TASK DIRECTIONS
In the material below, identify each line bearing the word "Tech". Reproduce those lines.

»»

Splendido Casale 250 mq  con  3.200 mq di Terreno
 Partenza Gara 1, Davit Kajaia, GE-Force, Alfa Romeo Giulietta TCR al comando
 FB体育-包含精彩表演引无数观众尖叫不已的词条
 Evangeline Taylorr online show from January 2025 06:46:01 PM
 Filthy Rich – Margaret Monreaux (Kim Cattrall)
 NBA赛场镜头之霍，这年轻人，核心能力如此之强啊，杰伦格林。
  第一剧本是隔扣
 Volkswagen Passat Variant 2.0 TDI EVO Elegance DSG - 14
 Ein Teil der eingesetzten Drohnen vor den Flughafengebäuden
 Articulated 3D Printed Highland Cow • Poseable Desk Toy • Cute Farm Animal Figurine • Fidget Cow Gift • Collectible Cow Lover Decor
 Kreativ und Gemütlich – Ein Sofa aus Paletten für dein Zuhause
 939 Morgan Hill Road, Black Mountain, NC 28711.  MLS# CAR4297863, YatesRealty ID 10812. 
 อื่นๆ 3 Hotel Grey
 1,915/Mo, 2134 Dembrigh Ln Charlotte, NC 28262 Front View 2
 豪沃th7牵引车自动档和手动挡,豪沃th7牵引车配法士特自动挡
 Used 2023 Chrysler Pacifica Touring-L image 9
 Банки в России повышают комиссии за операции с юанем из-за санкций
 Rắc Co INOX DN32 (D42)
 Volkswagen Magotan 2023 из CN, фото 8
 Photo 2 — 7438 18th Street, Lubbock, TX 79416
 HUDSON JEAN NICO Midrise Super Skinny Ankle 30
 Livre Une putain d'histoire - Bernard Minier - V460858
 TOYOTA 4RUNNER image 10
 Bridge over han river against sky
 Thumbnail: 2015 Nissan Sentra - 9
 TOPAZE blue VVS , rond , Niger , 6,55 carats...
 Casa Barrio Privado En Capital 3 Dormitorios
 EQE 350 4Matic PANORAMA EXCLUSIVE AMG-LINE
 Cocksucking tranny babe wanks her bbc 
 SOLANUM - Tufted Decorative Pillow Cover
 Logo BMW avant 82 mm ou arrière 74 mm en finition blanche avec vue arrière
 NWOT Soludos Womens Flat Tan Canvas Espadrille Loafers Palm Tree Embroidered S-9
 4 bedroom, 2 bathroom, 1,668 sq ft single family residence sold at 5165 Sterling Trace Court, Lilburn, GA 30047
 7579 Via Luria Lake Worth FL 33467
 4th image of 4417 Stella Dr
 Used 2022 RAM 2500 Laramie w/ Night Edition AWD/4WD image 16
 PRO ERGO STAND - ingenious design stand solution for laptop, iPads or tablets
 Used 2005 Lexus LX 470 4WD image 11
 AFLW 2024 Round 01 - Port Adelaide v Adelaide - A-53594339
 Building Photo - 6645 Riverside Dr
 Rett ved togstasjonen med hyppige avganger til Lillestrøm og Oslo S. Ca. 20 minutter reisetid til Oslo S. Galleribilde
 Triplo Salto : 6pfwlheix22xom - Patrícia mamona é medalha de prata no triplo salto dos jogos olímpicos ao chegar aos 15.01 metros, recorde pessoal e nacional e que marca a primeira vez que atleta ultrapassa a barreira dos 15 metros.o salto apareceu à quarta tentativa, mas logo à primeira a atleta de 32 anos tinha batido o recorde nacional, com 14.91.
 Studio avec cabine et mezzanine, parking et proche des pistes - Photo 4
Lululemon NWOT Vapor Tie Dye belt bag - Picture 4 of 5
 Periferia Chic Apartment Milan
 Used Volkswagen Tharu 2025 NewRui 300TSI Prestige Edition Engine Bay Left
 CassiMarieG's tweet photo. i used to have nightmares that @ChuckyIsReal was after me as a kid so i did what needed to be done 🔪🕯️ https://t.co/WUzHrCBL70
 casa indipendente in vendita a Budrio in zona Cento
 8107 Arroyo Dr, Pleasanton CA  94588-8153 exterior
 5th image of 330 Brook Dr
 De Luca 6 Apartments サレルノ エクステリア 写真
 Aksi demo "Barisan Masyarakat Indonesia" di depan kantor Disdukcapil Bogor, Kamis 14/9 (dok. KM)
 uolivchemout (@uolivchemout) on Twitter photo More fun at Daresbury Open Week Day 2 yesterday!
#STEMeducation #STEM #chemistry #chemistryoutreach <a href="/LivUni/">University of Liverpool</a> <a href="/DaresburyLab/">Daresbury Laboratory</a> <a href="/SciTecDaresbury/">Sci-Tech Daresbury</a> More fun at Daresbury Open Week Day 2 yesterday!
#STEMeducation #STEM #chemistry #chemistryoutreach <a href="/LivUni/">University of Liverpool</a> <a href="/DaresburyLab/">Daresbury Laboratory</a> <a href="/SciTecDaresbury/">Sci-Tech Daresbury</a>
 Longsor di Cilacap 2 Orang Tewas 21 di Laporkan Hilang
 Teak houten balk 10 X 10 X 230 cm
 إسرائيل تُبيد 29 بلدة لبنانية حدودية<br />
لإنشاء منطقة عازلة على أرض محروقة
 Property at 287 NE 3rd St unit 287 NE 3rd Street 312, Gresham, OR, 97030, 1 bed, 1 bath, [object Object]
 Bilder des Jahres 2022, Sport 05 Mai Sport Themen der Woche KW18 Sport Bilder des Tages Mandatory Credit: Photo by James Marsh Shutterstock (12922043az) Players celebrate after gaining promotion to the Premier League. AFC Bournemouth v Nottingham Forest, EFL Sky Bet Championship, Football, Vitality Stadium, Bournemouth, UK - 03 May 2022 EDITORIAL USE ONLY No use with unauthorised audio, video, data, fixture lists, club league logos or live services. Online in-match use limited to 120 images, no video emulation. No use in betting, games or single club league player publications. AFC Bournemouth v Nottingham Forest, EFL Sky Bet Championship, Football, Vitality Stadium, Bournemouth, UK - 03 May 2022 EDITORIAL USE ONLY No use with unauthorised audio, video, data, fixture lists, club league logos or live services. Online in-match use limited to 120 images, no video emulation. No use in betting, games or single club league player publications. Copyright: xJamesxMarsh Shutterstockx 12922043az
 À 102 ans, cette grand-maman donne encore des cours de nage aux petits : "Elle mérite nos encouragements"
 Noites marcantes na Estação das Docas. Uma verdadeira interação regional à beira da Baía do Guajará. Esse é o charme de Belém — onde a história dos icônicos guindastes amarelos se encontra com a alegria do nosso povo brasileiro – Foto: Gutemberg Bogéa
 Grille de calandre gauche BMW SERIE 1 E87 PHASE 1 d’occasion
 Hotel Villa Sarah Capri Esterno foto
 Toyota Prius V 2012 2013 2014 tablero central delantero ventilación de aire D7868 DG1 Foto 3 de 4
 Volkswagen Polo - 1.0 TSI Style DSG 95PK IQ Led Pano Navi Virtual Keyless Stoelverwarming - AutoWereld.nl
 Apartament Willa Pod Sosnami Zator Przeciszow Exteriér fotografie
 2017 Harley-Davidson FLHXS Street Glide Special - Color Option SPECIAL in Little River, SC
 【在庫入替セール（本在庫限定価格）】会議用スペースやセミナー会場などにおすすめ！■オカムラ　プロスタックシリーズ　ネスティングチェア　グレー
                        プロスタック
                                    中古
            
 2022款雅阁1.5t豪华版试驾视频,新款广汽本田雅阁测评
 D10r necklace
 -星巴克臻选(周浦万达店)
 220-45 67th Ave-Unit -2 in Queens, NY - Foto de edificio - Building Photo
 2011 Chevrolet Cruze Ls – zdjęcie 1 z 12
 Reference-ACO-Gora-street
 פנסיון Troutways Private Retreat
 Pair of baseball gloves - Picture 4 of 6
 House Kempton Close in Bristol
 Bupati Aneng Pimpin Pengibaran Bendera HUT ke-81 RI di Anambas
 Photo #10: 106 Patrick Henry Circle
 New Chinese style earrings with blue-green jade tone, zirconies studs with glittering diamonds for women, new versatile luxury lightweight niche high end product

««

SOLUTION FOR THIS EXERCISE
#STEMeducation #STEM #chemistry #chemistryoutreach <a href="/LivUni/">University of Liverpool</a> <a href="/DaresburyLab/">Daresbury Laboratory</a> <a href="/SciTecDaresbury/">Sci-Tech Daresbury</a> More fun at Daresbury Open Week Day 2 yesterday!
#STEMeducation #STEM #chemistry #chemistryoutreach <a href="/LivUni/">University of Liverpool</a> <a href="/DaresburyLab/">Daresbury Laboratory</a> <a href="/SciTecDaresbury/">Sci-Tech Daresbury</a>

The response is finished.